Net Promoter Score Considered Not Harmful (and How UX Professionals Can Use It to Their Advantage)
Updated: May 14, 2019
Since Jared Spool published his essay, "Net Promoter Score Considered Harmful (and What UX Professionals Can Do About It)" in December 2017, I have seen it tweeted and retweeted a lot, usually with tons of associated comments trashing the Net Promoter Score (NPS).
But when I carefully read the essay and compared it with its cited research, I did not find the specific criticisms compelling. That surprised me. I have read quite a bit of what Spool has written, and sometimes his insights are striking and beautiful (e.g., Consistency in Design is the Wrong Approach). On this topic, however, it seems like he may have made a bold public statement that is consistent with the feelings of many UX designers, but does not withstand careful critical examination. It may also cause UX professionals to miss opportunities to demonstrate how their work connects to this popular corporate metric, widely believed by executives to be a leading indicator of loyalty-based growth (and, as Spool has recently written, UX professionals have The Need to Think and Talk Like an Executive).

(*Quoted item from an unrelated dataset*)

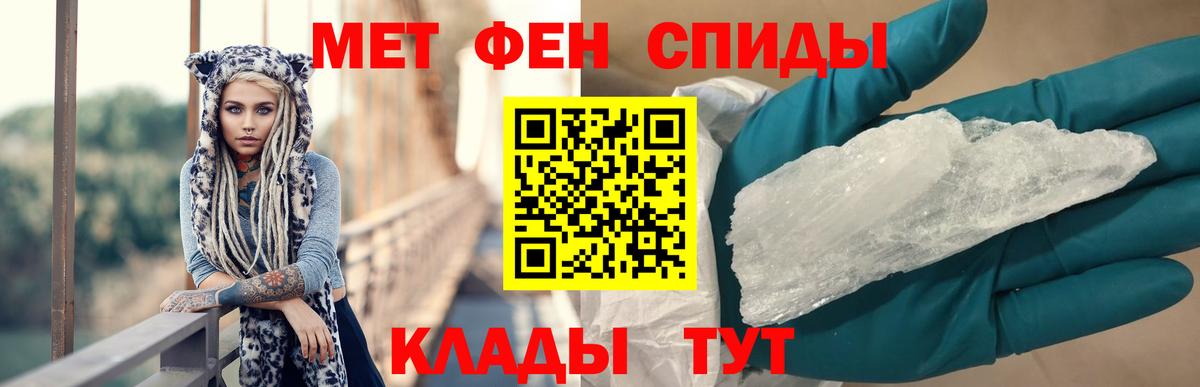 АМФЕТАМИН  Вход с VPN  Кушва  Амфетамин Розовый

What is the Net Promoter Score?
The best source for understanding the NPS and its scoring is to read the short 2003 Harvard Business Review (HBR) article by Fred Reichheld in which it was introduced (The One Number You Need to Grow). It really is not very long, and if you're interested in this topic, you owe it to yourself to read it. It takes about 15 minutes ... I'll wait ...
OK, now that you've read the short HBR paper, here's a quick review of what the NPS is. The basis of the NPS is a single-item measure of likelihood-to-recommend:
As described in the HBR paper, respondents are assigned to one of three categories: Promoter (9 or 10), Neutral (7 or 8), and Detractor (0-6). The NPS is the net difference computed by subtracting the percentage of Detractors from the percentage of Promoters. This means that the NPS can take values from -100 (terrible) to +100 (excellent).
Spool's Specific Criticisms of the NPS -- 12 Claims
If you're reading this blog, you've probably already read the essay that kicked off the discussion. If you haven't, as with the HBR article, you owe it to yourself to read it (Net Promoter Score Considered Harmful). By my count, the essay contains at least 12 problematic claims. To understand why these are problematic, we are sometimes going to have to dig below the surface claims into what the cited literature actually says. Here are the claims (italicized) followed by discussion (with key phrases in bold).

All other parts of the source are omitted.